I'm so hungover i just sang the alphabet to see if "Z" comes after "W"
had a convo with my professor before class while peeing... new level of awkward or a breakthrough in our relationship? i feel like there is no longer a professional boundary.
at least 'blackout me' had enough sense to take the puke covered duvet off the comforter.
Thanks for putting the blue stuff in the toilet, it made me throwing up this morning more enjoyable.
Thru out the entire phone conversation I went from thinking: he's making a gay come-on, to he's trying to sell me drugs, before realizing he was offering me a job with an internet company. Things are gonna be awkward in class this week.
Just had to return the shit I stole from the dining hall, with everyone watching...apparently there ARE consequences for being drunk, coked up and belligerent.
I seriously told a stripper I would hold her hand when she goes to get ass implants.
scream really loud. we think you crawled under the deck
I feel like I shouldn't have to explain to you why giving your cat weed was a bad idea.
HIV testing and a light brunch.
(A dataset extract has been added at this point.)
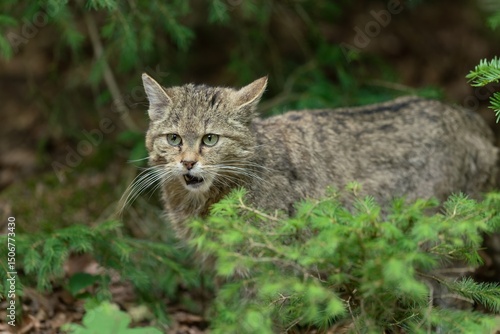 Portrait of a beautiful european wildcat in the nature habitat. Felis silvestris.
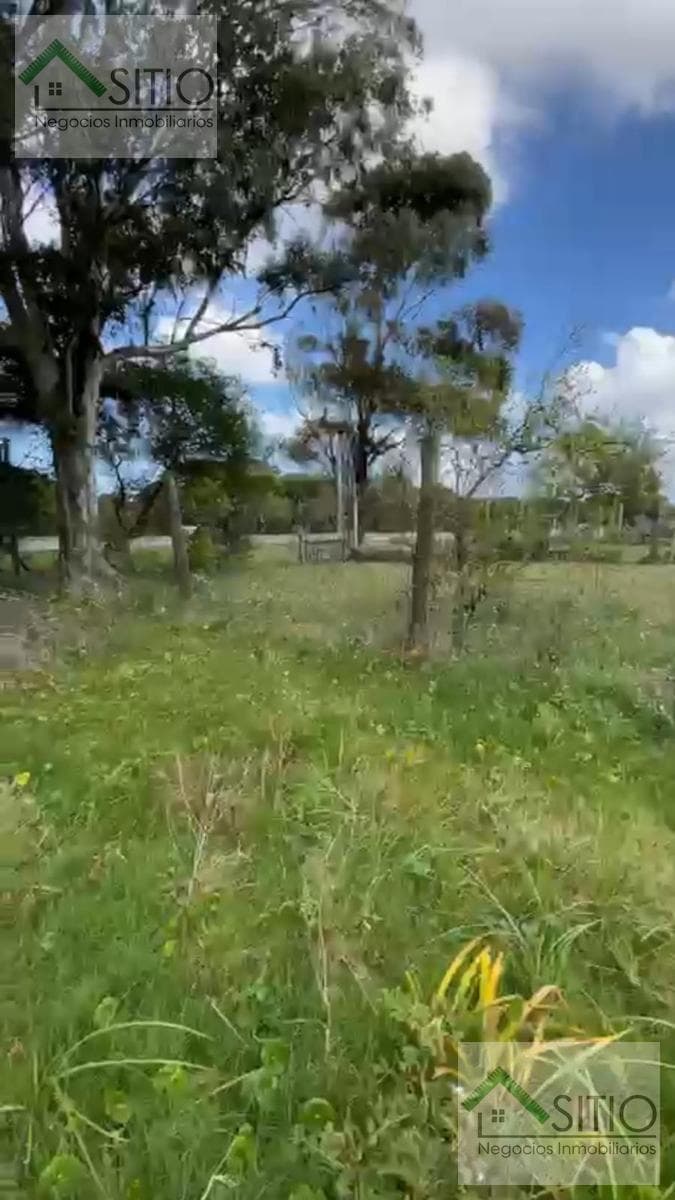 Land in Solymar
Sounds like a great way to spend Christmas Eve.
Maybe you'll have a Christmas miracle
It's a sad day when you can't take off your pants and drink a margarita at work.
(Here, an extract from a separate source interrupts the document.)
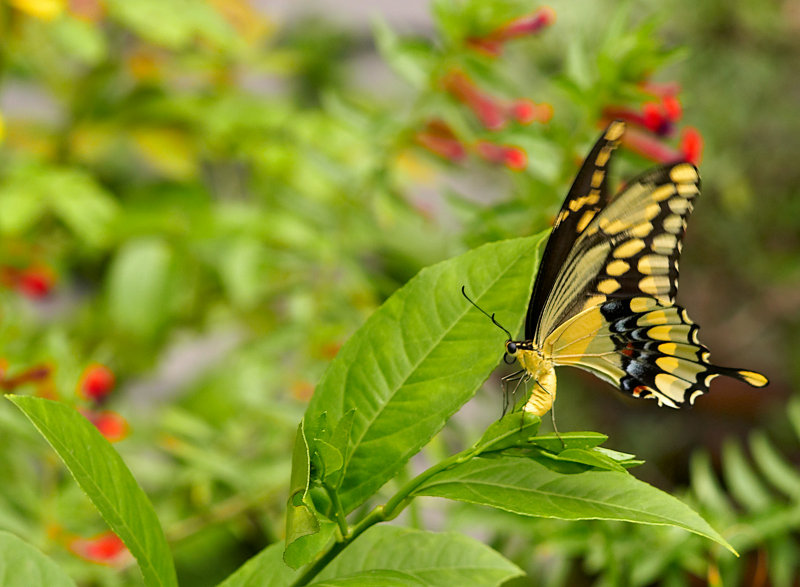 giant swallowtail 09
I rubbed his back while he puked for an hour and then ended up getting laid when I tried to put him to bed, best puke and rally I've ever seen.
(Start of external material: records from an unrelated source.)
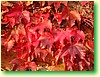 DSCF0496.JPG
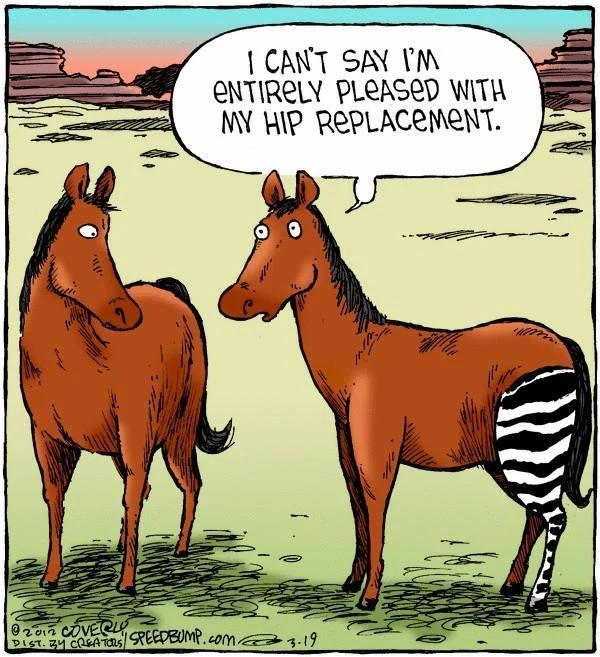 Hip Replacement Joke.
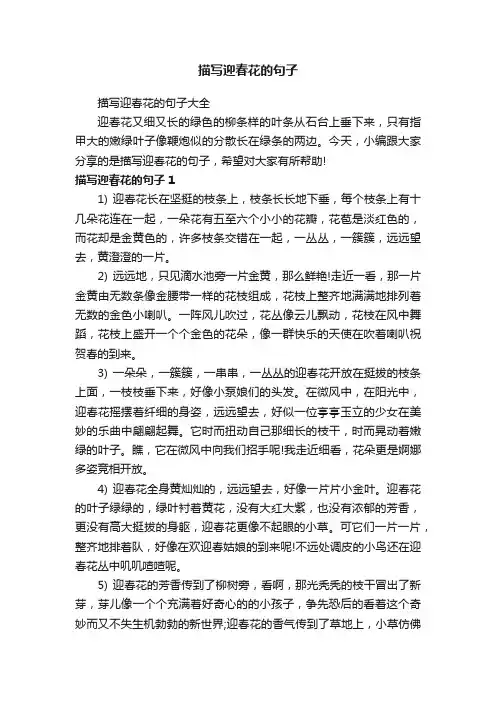描写迎春花的句子大全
Just bumped into my ex. Blowing a dude in the ladies' room at Disney World. I guess it really was her not me.
WEED BROWNIES! He put weed in my brownie mix! And he got it from YYYYOOOOUUUU!
Look at the bright side mom. After 20 years dad is still capable of surprising you!
Shut up Max.
Did you finish that presentation yet?
No but don’t worry about it. I do my best work in the middle of the night. I’m like a hamster.